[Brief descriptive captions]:
-------
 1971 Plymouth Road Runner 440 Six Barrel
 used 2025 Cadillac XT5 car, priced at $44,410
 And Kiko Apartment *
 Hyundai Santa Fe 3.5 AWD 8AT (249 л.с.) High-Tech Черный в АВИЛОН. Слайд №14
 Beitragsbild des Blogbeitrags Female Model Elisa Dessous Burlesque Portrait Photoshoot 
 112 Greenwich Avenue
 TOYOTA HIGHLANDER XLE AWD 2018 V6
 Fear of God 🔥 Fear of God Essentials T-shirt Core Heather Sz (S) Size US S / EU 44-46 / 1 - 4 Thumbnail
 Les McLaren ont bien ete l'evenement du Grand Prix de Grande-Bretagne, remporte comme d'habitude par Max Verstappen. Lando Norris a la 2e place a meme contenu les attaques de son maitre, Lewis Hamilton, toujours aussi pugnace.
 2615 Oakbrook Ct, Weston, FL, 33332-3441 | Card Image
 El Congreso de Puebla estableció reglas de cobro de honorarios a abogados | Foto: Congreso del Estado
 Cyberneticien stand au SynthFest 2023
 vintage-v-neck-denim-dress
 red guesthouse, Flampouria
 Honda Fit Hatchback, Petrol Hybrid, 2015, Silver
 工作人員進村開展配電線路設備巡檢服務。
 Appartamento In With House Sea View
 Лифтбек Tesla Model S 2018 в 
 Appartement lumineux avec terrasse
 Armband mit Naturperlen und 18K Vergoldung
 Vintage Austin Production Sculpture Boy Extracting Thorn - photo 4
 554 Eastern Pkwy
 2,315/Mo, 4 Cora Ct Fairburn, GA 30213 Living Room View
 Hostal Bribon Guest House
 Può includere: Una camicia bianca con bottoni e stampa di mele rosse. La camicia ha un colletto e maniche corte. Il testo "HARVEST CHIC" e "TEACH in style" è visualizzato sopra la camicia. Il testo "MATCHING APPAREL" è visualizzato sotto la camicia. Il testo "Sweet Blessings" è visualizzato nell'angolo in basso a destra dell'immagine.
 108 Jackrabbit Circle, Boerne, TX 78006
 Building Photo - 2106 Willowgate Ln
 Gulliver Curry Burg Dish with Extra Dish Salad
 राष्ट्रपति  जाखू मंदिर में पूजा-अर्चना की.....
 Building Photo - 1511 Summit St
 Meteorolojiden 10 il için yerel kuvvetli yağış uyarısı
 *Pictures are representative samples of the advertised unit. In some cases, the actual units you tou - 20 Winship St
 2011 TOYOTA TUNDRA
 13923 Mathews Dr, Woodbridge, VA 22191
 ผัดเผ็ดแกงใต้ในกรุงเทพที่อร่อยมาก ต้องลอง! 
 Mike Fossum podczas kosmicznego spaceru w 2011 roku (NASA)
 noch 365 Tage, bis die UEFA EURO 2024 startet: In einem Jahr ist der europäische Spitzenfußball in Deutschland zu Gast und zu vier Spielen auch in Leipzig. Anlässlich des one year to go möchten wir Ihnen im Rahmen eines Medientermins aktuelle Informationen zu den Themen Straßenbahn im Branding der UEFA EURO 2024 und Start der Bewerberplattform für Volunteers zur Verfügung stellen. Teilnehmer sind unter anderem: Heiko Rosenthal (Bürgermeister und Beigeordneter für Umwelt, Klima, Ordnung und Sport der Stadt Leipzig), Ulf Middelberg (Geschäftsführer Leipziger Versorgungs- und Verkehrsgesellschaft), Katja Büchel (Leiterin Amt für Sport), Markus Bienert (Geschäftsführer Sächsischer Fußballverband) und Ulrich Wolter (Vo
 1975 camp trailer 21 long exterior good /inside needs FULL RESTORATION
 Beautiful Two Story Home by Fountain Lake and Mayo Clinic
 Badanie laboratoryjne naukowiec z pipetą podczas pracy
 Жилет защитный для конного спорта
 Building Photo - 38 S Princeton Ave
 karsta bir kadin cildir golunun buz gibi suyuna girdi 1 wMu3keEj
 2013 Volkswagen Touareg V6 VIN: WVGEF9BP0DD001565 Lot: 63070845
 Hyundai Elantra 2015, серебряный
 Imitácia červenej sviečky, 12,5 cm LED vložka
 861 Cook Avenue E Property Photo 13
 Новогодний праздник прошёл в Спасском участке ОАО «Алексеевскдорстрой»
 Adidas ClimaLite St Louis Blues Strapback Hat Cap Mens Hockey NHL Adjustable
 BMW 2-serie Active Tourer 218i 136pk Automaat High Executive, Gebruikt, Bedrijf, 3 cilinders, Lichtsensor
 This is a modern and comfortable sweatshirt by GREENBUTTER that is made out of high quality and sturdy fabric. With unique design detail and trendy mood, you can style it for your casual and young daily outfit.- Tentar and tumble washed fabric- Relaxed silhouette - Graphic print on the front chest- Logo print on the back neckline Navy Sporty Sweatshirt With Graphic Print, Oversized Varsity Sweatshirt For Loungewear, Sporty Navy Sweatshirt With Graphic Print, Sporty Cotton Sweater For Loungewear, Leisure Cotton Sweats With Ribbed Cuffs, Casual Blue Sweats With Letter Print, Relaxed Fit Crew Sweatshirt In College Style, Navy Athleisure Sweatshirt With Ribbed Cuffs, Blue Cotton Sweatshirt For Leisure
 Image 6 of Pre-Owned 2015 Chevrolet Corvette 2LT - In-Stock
-------
[Problem requirements]: Once you find the string "Image" in a line of the records, copy that line.

[Final answer]:
 2615 Oakbrook Ct, Weston, FL, 33332-3441 | Card Image
 Image 6 of Pre-Owned 2015 Chevrolet Corvette 2LT - In-Stock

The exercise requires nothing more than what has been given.